The second installment of The Whiteness Project was released today, and trust us, it’s worth your time.

The beauty of America lies in everyone’s differences, but as we’re all aware, being different can also quite literally shorten your life span by decades in this country. In the video series, White millennials with intersecting identities (not pictured above) talk about the advantages of growing up White, the “one-drop” rule, and their own prejudices against Black people.

“A rich White person is not going to admit that being White helped them become who they are, ’cause they take a lot of pride in the fact that their family may have not been rich to begin with, and are now rich.

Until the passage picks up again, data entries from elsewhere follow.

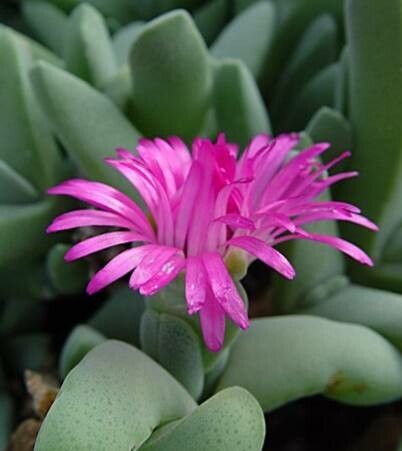 Cheiridopsis purpurea flower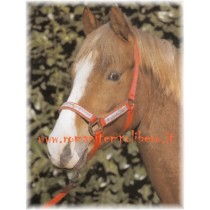 Cavezza Pony Lamicell con lunghina -Selleria Romani tempo libero - Selleriainternet.it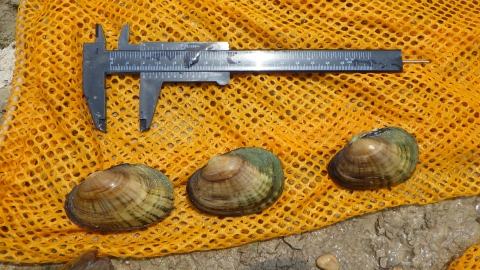 Three tan and brown vertically striated mussel shells sit on a bright orange net with a measuring tool placed above, indicating their size.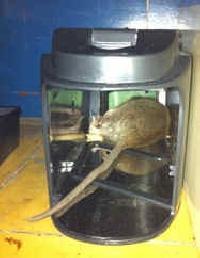 rat killing products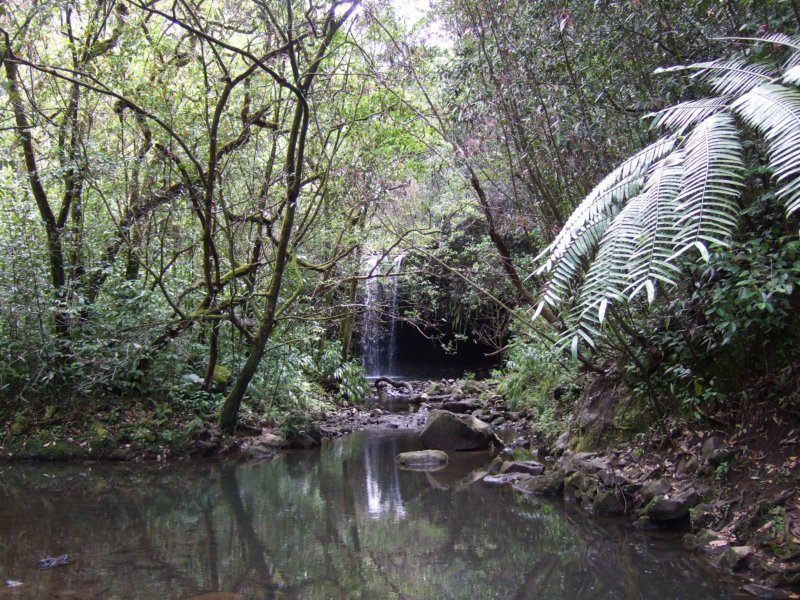 dscf6366.jpg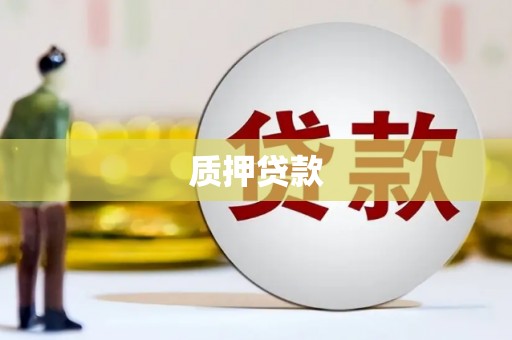 项城质押贷款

When I got my job, for example, I walked in there and I just looked clean cut, White person – and they hired me pretty much because of that and it’s just small things that no one really notices, but life’s a little bit easier being White, I think,” says one insightful male participant.

The Whiteness Project finds that 78 percent of millenials say everyone has a responsibility to help tackle bias.

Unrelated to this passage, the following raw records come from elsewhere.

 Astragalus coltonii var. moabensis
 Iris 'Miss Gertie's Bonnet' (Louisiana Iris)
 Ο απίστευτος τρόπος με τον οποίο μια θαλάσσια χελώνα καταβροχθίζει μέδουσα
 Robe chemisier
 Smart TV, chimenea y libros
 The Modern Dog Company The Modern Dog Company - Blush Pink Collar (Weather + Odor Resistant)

Another participant speaks on her experience as a person of mixed race who was always told to check the African-American box on applications. She also adds that her mom has made comments like, “The way you are on Facebook makes you seem like you’re Black.

Mashable says of the series:

Filmmaker Whitney Dow, who is also an educator and research scholar at Columbia University’s Interdisciplinary Center for Innovative Theory and Empirics (INCITE), confesses that people have been critical of his decision to center the race conversation on white experience. But he defends his stance, explaining that white allies can be most effective when they take an introspective approach and challenge themselves. Many white millennial allies think their job is to right the wrongs of other people, rather than looking inward and thinking of how structural racism impacts their own life and changing that,” he says.

As for the second installment, Dow decided to dig a little deeper:

“Many white millennial allies think their job is to right the wrongs of other people, rather than looking inward and thinking of how structural racism impacts their own life and changing that,” he says. As a result, this second installment includes white people who have intersecting identities, including biracial, multiracial, non-binary and transgender identities. This intersectional approach prompted interviewees to discuss how the world perceives them, as well as who they feel they are.

Watch three videos from the second installment over at Mashable, and leave your thoughts below. One participant says that right now being a White Christian in America is the “hardest thing” to be, before he goes on to reference recent racial incidents while adding, “White people are misunderstood and put into bad situations like that, like Ferguson…”

He also notes, “I don’t hate Black people, but some things about them irritate me as whole.” Talk about hard to listen to.